Hunian sementara (huntara) yang tak ditempati tersebut antara lain di Desa Pandere dan Desa Kalawara, Kecamatan Gumbasa, Kabupaten Sigi, Sulteng. Semua huntara dirancang berbentuk rumah panggung dengan konstruksi utama papan lapis dan baja ringan.
Pantauan pada Kamis (22/8/2019), di Pandere, ada 3 unit/blok huntara atau sebanyak 36 kamar/bilik, semuanya belum dihuni. Masing-masing bilik sudah dilengkapi dengan meteran listrik dan satu kipas angin. Hanya lampu listrik belum dipasang. Ada dua tangki air yang terus mengalirkan air. Satu blok/unit terdiri dari 12 kamar/bilik.
Di Desa Kalawara, terdapat 6 unit huntara (72 kamar). Dari jumlah tersebut, baru empat unit yang ditempati. Meteran listrik dan kipas angin juga sudah dipasang. Tangki air sebanyak masing-masing dua unit untuk setiap blok juga telah tersedia.
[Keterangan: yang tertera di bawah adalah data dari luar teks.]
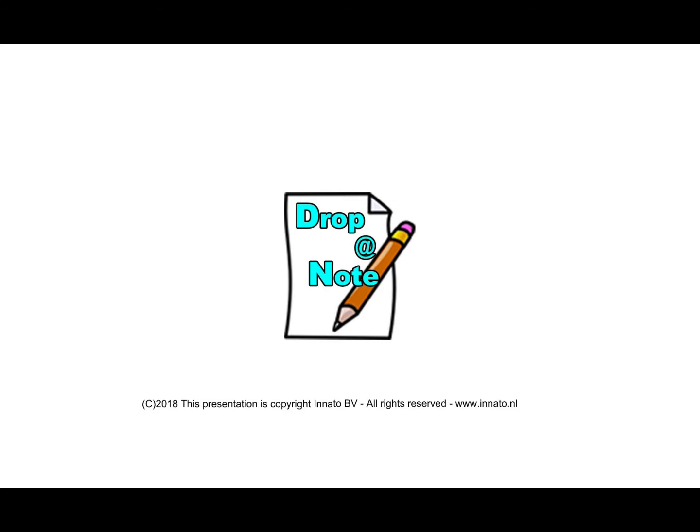Drop-A-Note is an independent self-supporting short messaging module for Joomla 2.5 and 3.x. It allows your website visitors to post messages without having to register first.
Unit huntara di Kalawara yang belum ditempati tak terawat. Di dapur, sampah berserakan. Bahkan, kotoran hewan berserakan di teras depan bilik. Rumput liar tumbuh tinggi di sela-sela antarunit.
Tiga dari empat keluarga yang menempati huntara di Kalawara tak terdaftar sebagai penghuni huntara. Mereka menempati huntara atas izin aparat desa setempat.
Oktavianus (28), yang terdata sebagai penerima huntara Kalawara, menyatakan dirinya memilih memperbaiki rumah yang rusak ketimbang tinggal di huntara. "Di sini, banyak ternak yang harus kami urus," ujarnya.
Huntara itu berjarak sekitar 1 kilometer dari rumah Oktavianus. Rumah keluarga Oktavianus rusak parah saat gempa September 2018 lalu, tetapi kini telah diperbaiki dan ditempati.
Dengan kondisi saat itu, yakni tinggal di tenda karena rumah rusak, semua mau ke huntara. Namun, dalam perkembangan, warga memperbaiki rumahnya dan menempatinya.
Sekretaris Desa Pandere Arnius Galuku menyatakan, data penerima huntara disampaikan saat awal-awal bencana. "Dengan kondisi saat itu, yakni tinggal di tenda karena rumah rusak, semua mau ke huntara. Namun, dalam perkembangan, warga memperbaiki rumahnya dan menempatinya," katanya.
Penerima huntara di Kalawara sebanyak 72 keluarga, sesuai dengan jumlah bilik yang telah dibangun. Huntara Kalawara rampung digarap pada April lalu. Arnius menyatakan, dirinya tetap mendorong agar penyintas penerima huntara segera menempatinya.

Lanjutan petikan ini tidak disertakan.